Bash by Example: Find Large Files

Bash 5.0+

Locating files larger than a specific size using find command with -size operator, implementing disk space analysis by identifying large files, using human-readable size units like M for megabytes and G for gigabytes, sorting results by size for prioritization, and automating large file cleanup or archival processes.

Code

#!/bin/bash

SEARCH_DIR="."
SIZE="+10M" # Files larger than 10 Megabytes

echo "Searching for files larger than $SIZE in $SEARCH_DIR..."

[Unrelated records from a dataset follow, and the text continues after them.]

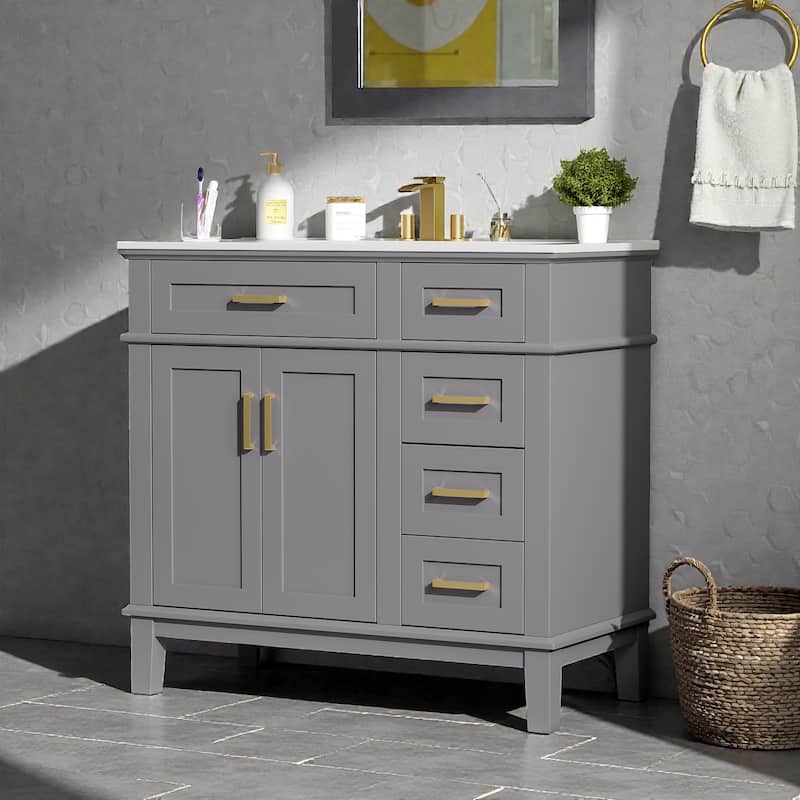 36 Inch Modern Bathroom Vanity with Ceramic Sink, Freestanding Cabinet with Soft Close Doors and 4 Drawers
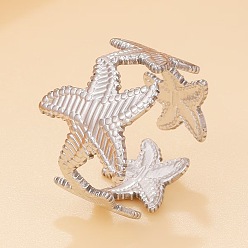 Платина Открытые кольца-манжеты из сплава для женщин, морская звезда, платина, внутренний диаметр: регулируемый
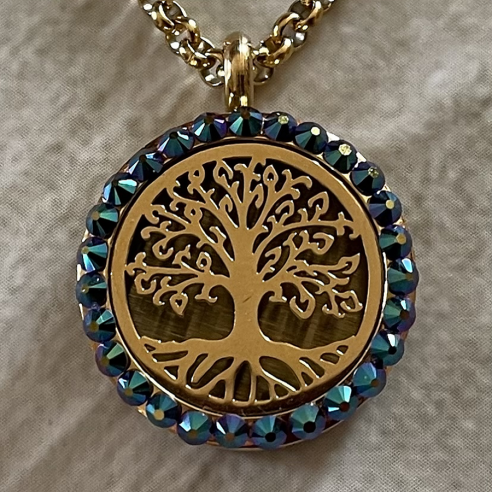 Collier pendentif diffuseur de parfum arbre de vie artisanal strass Swarovski  Scarabaeus Green artisanal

# Create a dummy large file (15MB) for demo
# fallocate is faster than dd for this
if command -v fallocate >/dev/null; then
    fallocate -l 15M large_test_file.dat
else
    dd if=/dev/zero of=large_test_file.dat bs=1M count=15 status=none
fi

# Find and display size
# -size +10M matches files > 10MB
# -exec ls -lh {} shows details
find "$SEARCH_DIR" -type f -size "$SIZE" -exec ls -lh {} \; | awk '{ print $5, $9 }'

echo "Done."
rm large_test_file.dat

Explanation

Disk space analysis often requires finding the "heavy hitters"—the few large files consuming most of the space. The find command excels at this with its -size predicate.

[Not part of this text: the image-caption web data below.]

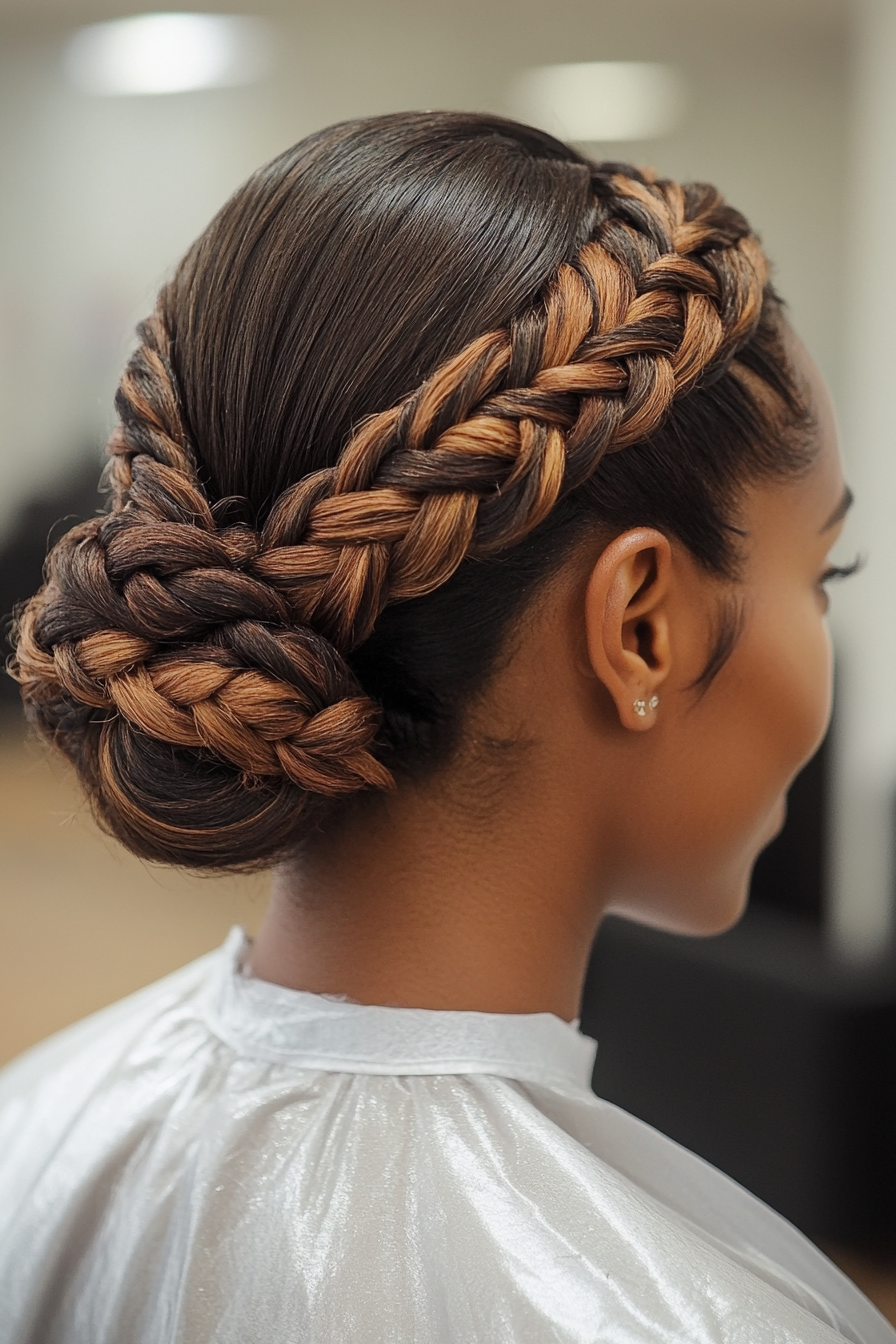 16. Bronze Crown Braid (Hair Up Hairstyles) - Hair Up Hairstyles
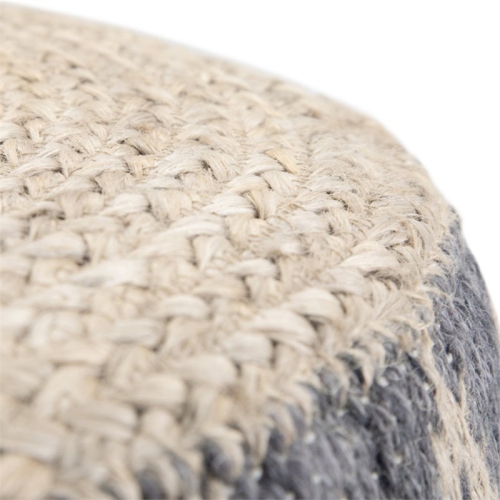 Trent Home Boho Round Pouf in Gray and Natural Woven Braided Jute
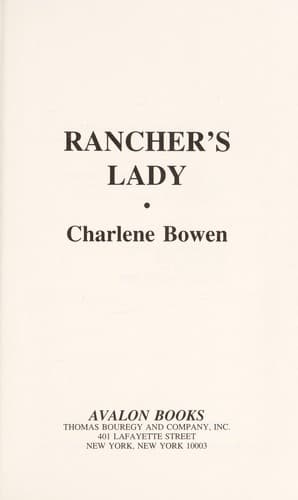 Portada de Rancher's lady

The size format supports suffixes like k (kilobytes), M (megabytes), and G (gigabytes). The + prefix (e.g., +100M) means "larger than", while - means "smaller than". Without a prefix, it searches for files of exactly that size (rounded up to the block size).

This script combines finding with listing. By executing ls -lh on the results, we get a human-readable confirmation of the file sizes immediately. This is often more useful than just a list of paths when you are deciding what to delete.

Code Breakdown

11
fallocate pre-allocates space instantly without writing zeros. It's the fastest way to create large dummy files for testing.
19
-size +10M. Note the capitalization. In standard find, k is lowercase but M and G are uppercase.